[Data]
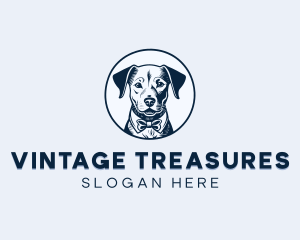 Vintage Puppy Dog logo design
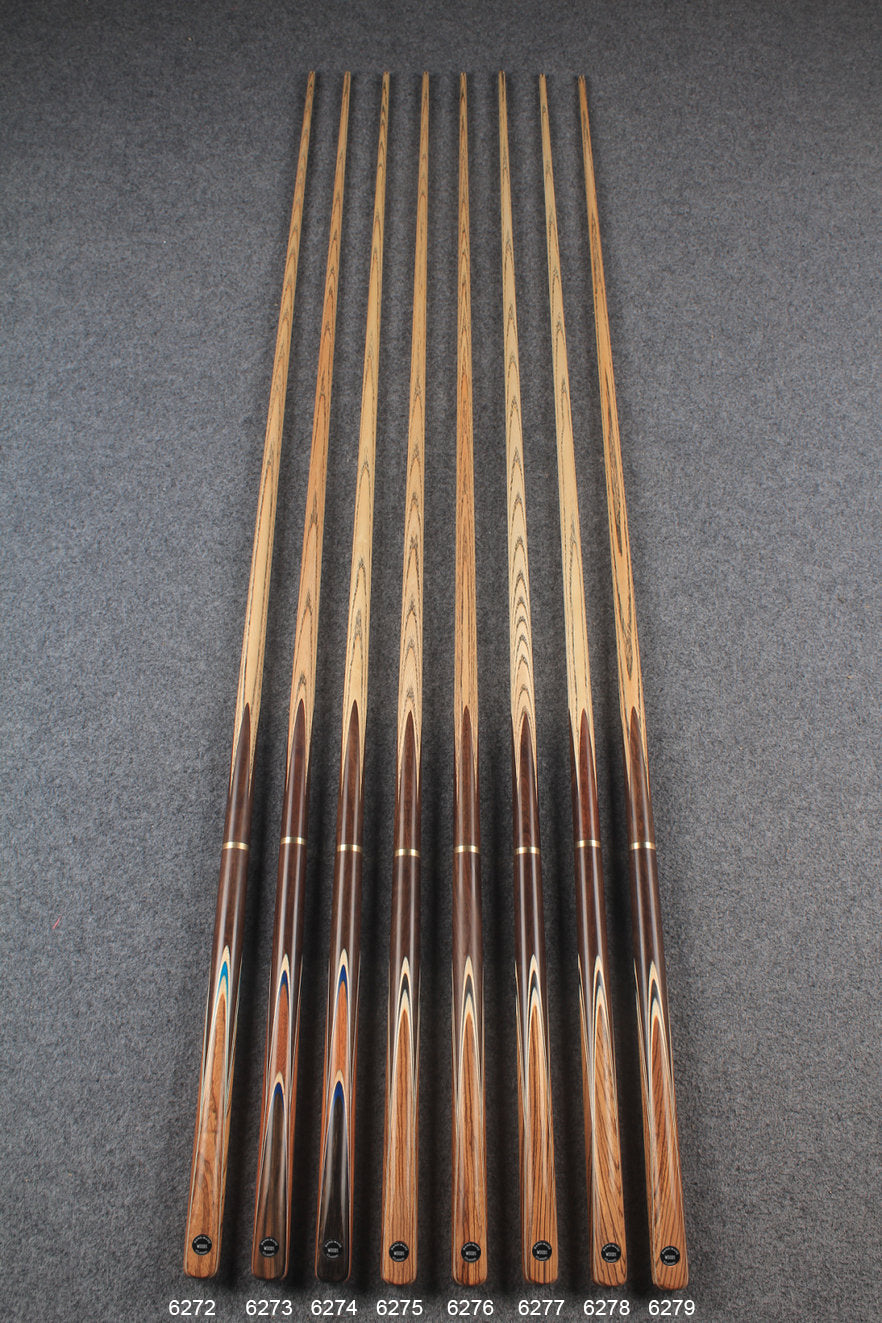 3/4 ash english pool cue  #6272 - #6279 WOODS CUES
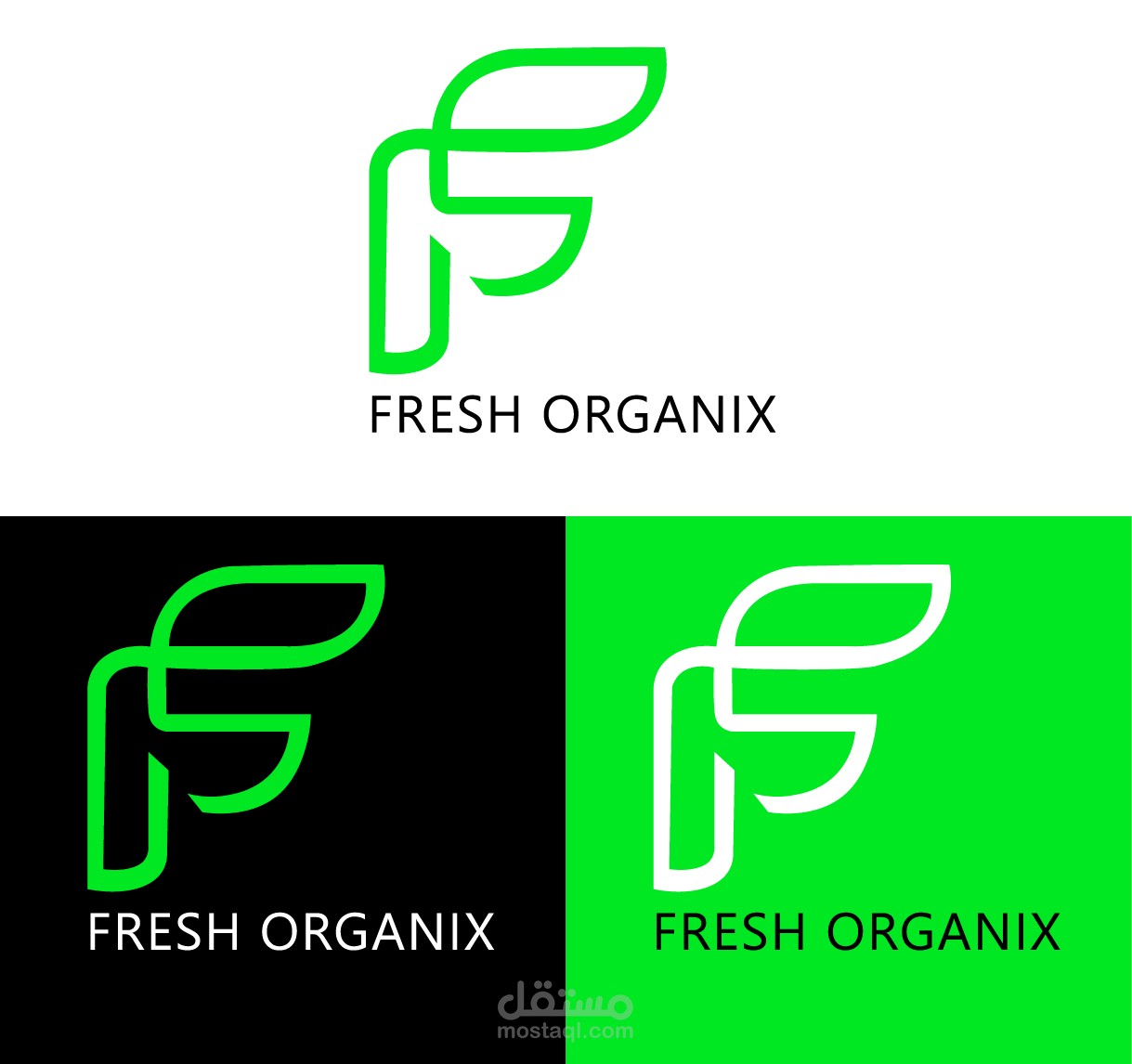 Fresh Organix Logo design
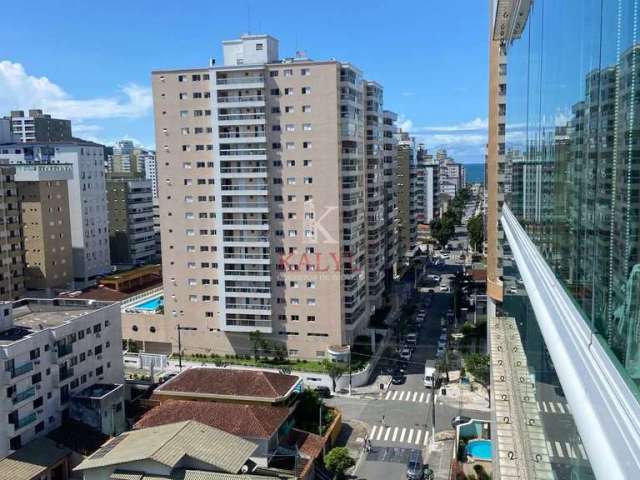 Apartamento com 2 dormitórios à venda, 78 m² por R$ 625.000,00 - Canto do Forte - Praia Grande/SP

[Exercise description] Quote the full listing above word for word; exclude every picture from the copy.

[Exercise response]
 Vintage Puppy Dog logo design
 3/4 ash english pool cue  #6272 - #6279 WOODS CUES
 Fresh Organix Logo design
 Apartamento com 2 dormitórios à venda, 78 m² por R$ 625.000,00 - Canto do Forte - Praia Grande/SP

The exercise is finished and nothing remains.